(LISTED RECORDS):
=-=-=-=-=
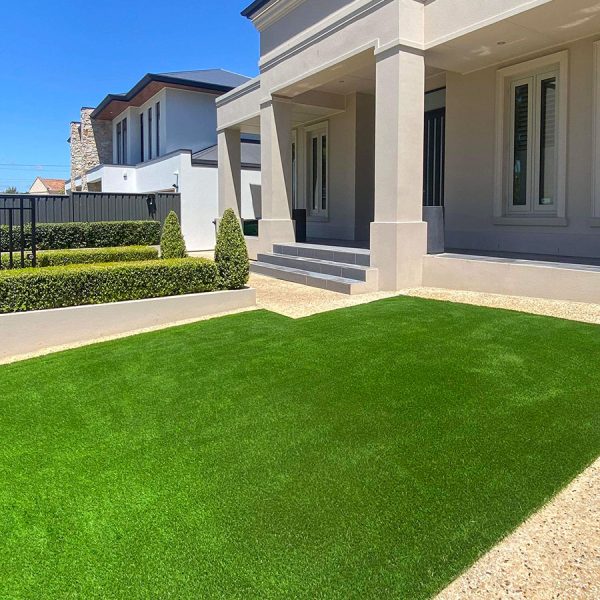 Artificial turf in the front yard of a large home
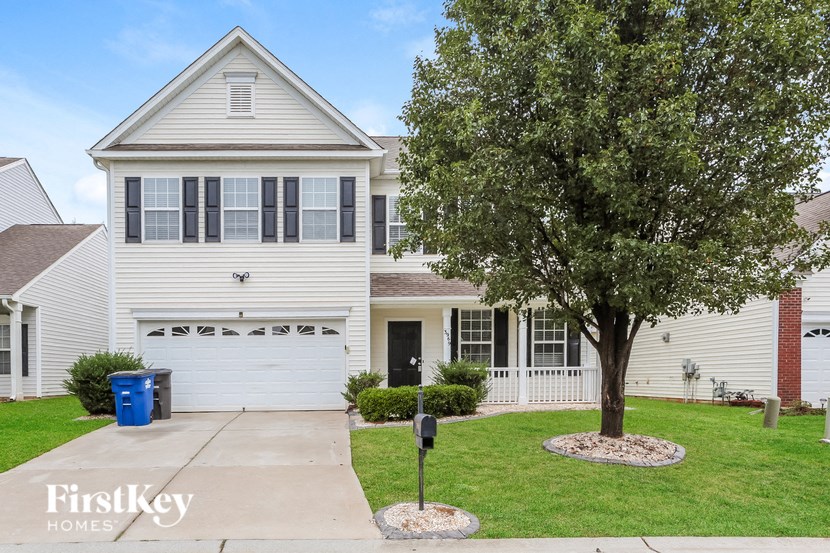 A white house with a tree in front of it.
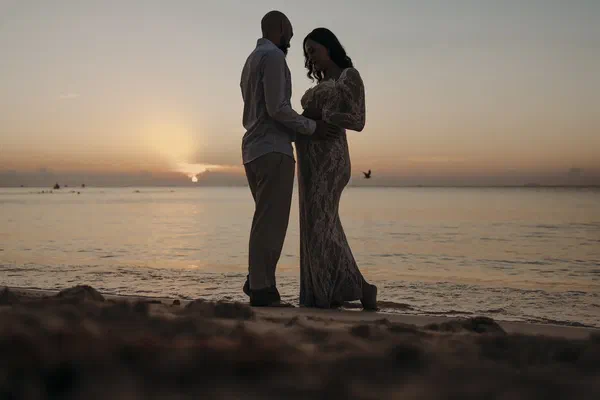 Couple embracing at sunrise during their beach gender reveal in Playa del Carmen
=-=-=-=-=
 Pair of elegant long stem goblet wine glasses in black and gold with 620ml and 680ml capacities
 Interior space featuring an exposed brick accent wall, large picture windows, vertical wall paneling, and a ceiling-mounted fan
=-=-=-=-=
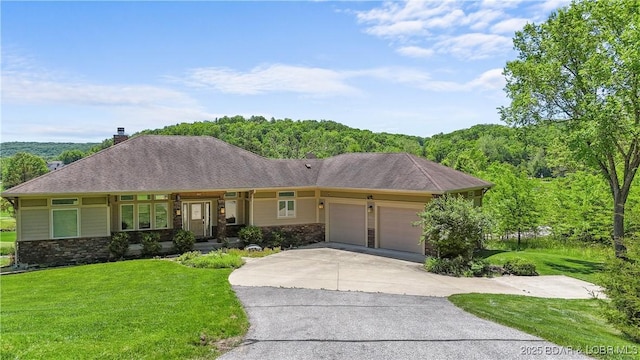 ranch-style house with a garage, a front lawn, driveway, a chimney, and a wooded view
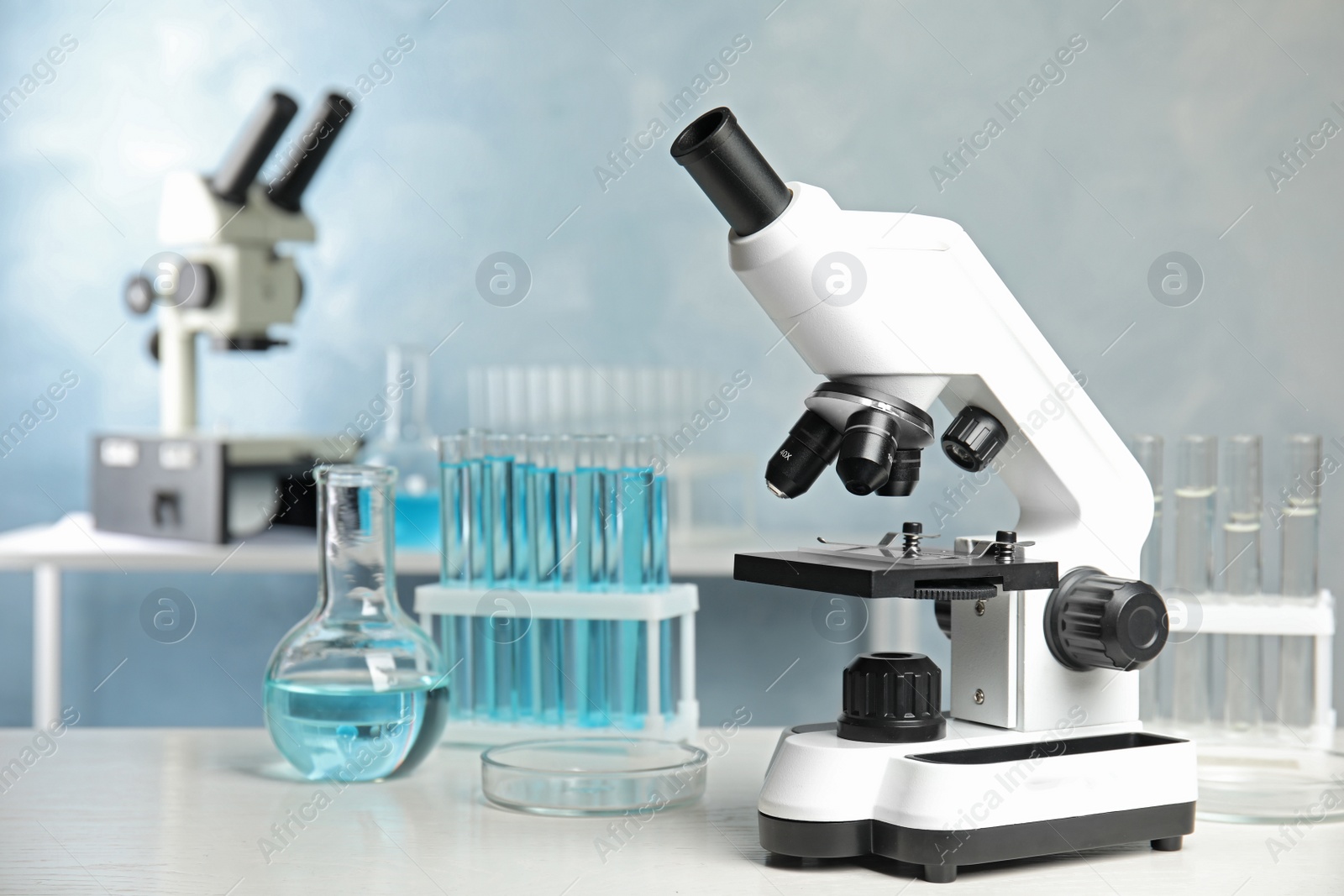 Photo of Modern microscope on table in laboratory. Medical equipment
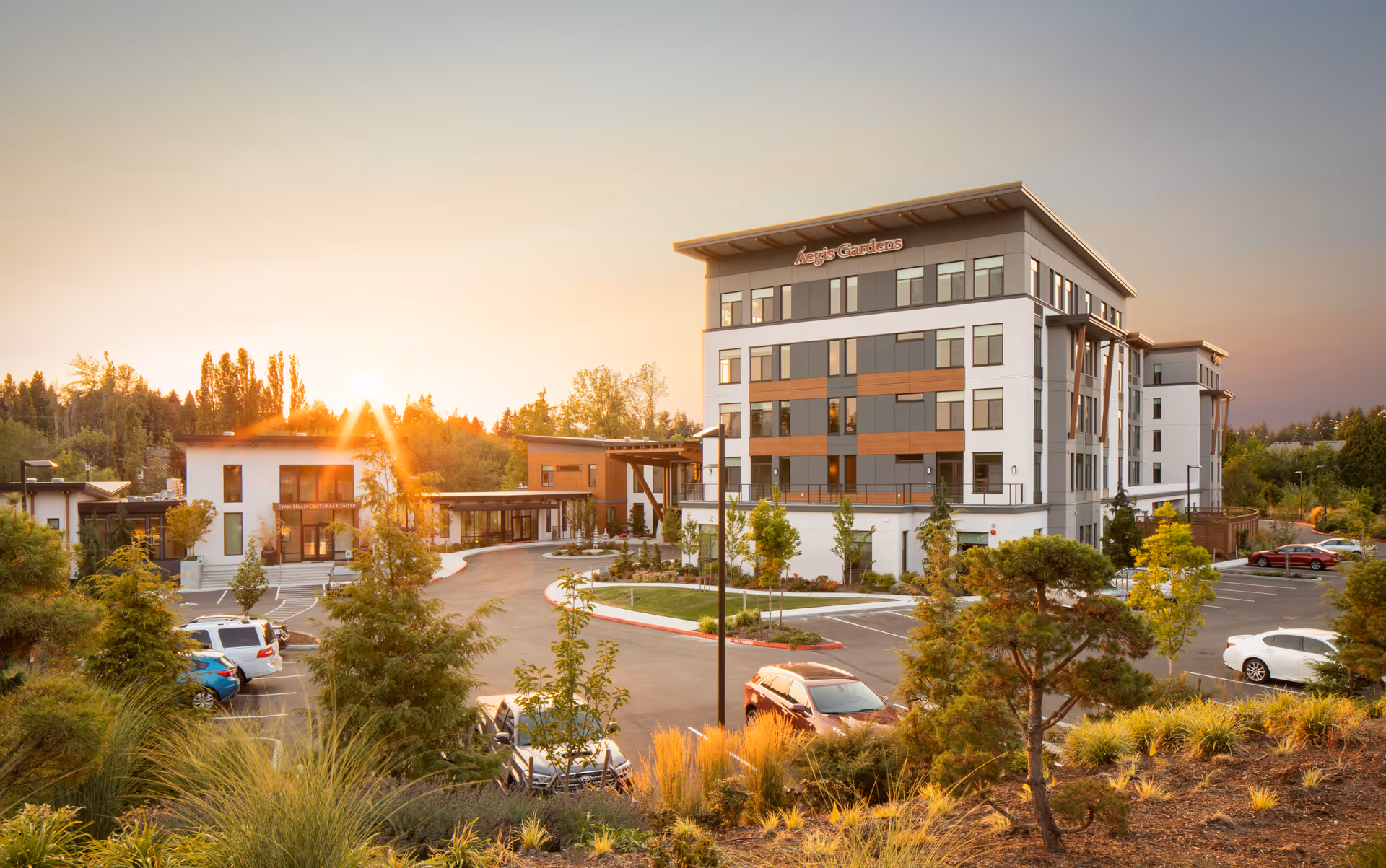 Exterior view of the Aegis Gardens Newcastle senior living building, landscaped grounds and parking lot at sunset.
=-=-=-=-=
(TASK TO COMPLETE): Within the listing above, copy exactly the lines that start at the one with "ranch-style house with" and continue through the one with "Exterior view of". Omit pictures.

(COMPLETED EXERCISE):
 ranch-style house with a garage, a front lawn, driveway, a chimney, and a wooded view
 Photo of Modern microscope on table in laboratory. Medical equipment
 Exterior view of the Aegis Gardens Newcastle senior living building, landscaped grounds and parking lot at sunset.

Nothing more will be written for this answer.